There were 221 households, of which 42.5% had children under the age of 18 living with them, 62.4% were married couples living together, 5.0% had a female householder with no husband present, 2.7% had a male householder with no wife present, and 29.9% were non-families. 26.7% of all households were made up of individuals, and 12.2% had someone living alone who was 65 years of age or older. The average household size was 2.90 and the average family size was 3.61.

The median age in the city was 29.9 years. 34.3% of residents were under the age of 18; 9.8% were between the ages of 18 and 24; 23.9% were from 25 to 44; 19.2% were from 45 to 64; and 12.6% were 65 years of age or older. The gender makeup of the city was 49.8% male and 50.2% female.

===2000 census===
As of the census of 2000, there were 641 people, 195 households, and 156 families living in the city. The population density was 839.0 PD/sqmi. There were 219 housing units at an average density of 286.6 /mi2. The racial makeup of the city was 88.92% White, 0.16% Native American, 9.05% from other races, and 1.87% from two or more races. Hispanic or Latino of any race were 9.67% of the population.

There were 195 households, out of which 47.7% had children under the age of 18 living with them, 69.2% were married couples living together, 5.1% had a female householder with no husband present, and 20.0% were non-families. 17.9% of all households were made up of individuals, and 10.8% had someone living alone who was 65 years of age or older. The average household size was 3.29 and the average family size was 3.79.

In the city, the population was spread out, with 40.1% under the age of 18, 8.9% from 18 to 24, 26.8% from 25 to 44, 14.7% from 45 to 64, and 9.5% who were 65 years of age or older. The median age was 26 years. For every 100 females, there were 94.2 males. For every 100 females age 18 and over, there were 101.0 males.

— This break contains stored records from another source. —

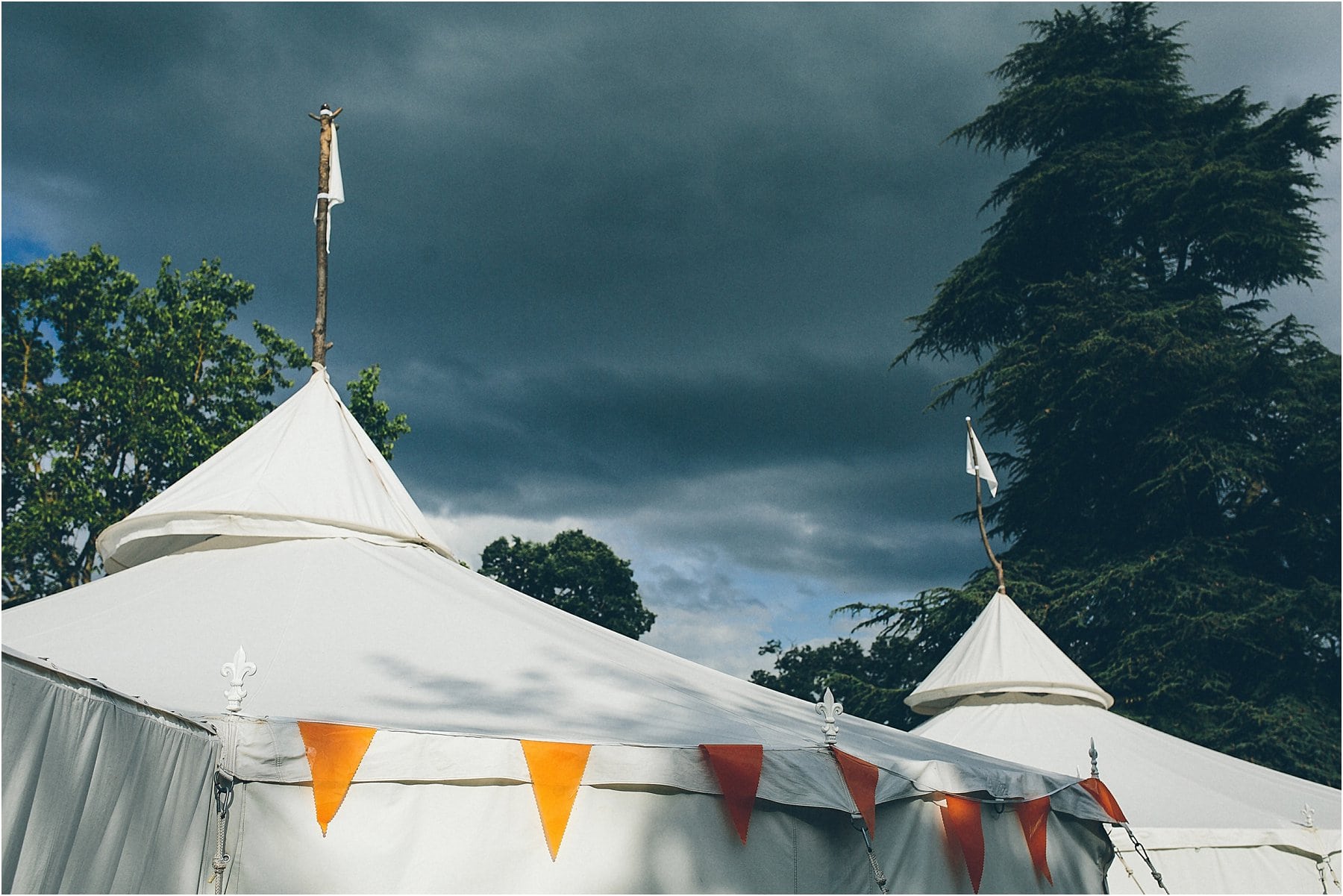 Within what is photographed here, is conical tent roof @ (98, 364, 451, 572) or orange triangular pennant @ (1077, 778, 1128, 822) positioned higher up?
conical tent roof @ (98, 364, 451, 572)

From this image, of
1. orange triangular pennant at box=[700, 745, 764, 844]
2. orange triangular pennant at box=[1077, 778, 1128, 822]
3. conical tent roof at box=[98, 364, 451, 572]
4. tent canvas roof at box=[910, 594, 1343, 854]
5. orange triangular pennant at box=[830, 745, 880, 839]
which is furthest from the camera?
tent canvas roof at box=[910, 594, 1343, 854]

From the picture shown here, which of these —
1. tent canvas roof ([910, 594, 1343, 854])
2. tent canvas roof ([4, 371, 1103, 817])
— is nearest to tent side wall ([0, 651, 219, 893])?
tent canvas roof ([4, 371, 1103, 817])

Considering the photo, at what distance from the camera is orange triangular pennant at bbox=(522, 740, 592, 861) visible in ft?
12.5

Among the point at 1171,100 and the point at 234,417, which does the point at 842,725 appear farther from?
the point at 1171,100

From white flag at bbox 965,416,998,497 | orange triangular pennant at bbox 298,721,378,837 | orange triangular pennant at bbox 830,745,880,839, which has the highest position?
white flag at bbox 965,416,998,497

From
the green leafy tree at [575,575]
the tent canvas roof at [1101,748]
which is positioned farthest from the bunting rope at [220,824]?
the green leafy tree at [575,575]

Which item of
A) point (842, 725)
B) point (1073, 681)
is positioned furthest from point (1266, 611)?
point (842, 725)

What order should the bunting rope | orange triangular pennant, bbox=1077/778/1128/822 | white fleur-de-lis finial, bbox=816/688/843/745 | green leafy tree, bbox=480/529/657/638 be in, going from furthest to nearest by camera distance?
1. green leafy tree, bbox=480/529/657/638
2. orange triangular pennant, bbox=1077/778/1128/822
3. white fleur-de-lis finial, bbox=816/688/843/745
4. the bunting rope

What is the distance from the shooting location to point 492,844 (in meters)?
3.87

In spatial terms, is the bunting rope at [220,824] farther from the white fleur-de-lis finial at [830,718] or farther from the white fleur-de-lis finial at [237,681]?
the white fleur-de-lis finial at [830,718]

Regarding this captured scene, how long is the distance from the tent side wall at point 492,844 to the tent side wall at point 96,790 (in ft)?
0.82

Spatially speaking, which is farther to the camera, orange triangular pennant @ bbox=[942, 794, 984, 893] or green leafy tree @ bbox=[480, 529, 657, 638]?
green leafy tree @ bbox=[480, 529, 657, 638]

The median income for a household in the city was $33,026, and the median income for a family was $34,191. Males had a median income of $27,417 versus $24,000 for females. The per capita income for the city was $10,346. About 10.9% of families and 14.1% of the population were below the poverty line, including 19.0% of those under age 18 and 10.3% of those age 65 or over.